NORDENHAM - In der Schule von Kersingnané ist es eng. So eng, dass selbst für schmale Durchgänge zwischen den Bänken kein Platz mehr ist. Rund 100 Kinder werden in diesem Anbau aus Lehm, Schilf, Wellblech und Holz unterrichtet. Als sie auf Geheiß der Lehrerin zu ihren Plätzen huschen, müssen sie über die Bänke klettern.

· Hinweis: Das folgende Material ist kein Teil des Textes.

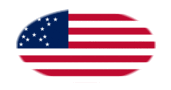 Great Star (USA 1818-1819)-Flagga som oval vinjett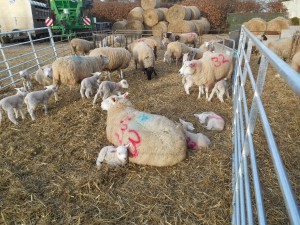 Lots of new families. The numbers are to match the ewes and lambs. 
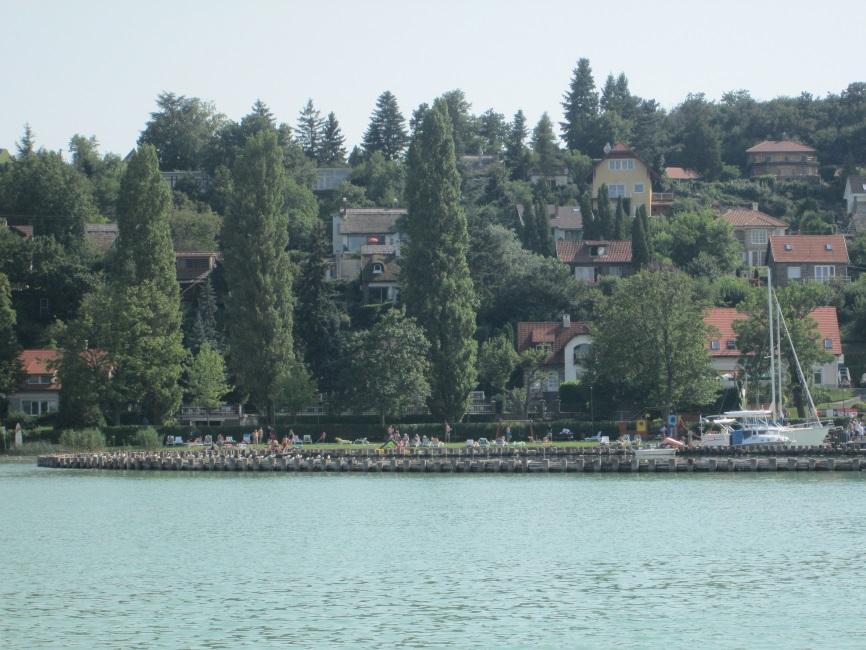Az előtérben a mesterséges nádas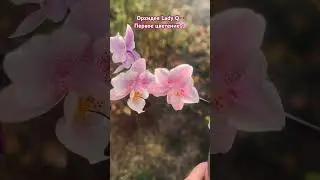 Орхидея Lady Q #orchid #flowers #beautiful #обзорорхидей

Dabei ist die Enge noch nicht einmal das größte Problem, sagt Peter Dirichs, der Sprecher der Arbeitsgruppe „Brücke Nordenham/Kayes“. Termiten haben die hölzerne Dachkonstruktion angefressen, sie droht einzustürzen und den ganzen Anbau zur Ruine zu machen. Und in den Schilfbündeln fühlen sich Schlangen wohl. Einige von ihnen sind giftig.
Wer kann sich auf den Unterricht konzentrieren, wenn tragende Balken bröckeln und gefährliche Reptilien nicht weit sind? Peter Dirichs will den Neubau einer Schule in Kersingnané bei Kayes im Westen der afrikanischen Republik Mali zu einem seiner nächsten Projekte machen. Ein Antrag an das Bundesministerium für wirtschaftliche Zusammenarbeit (BMZ) ist in Vorbereitung.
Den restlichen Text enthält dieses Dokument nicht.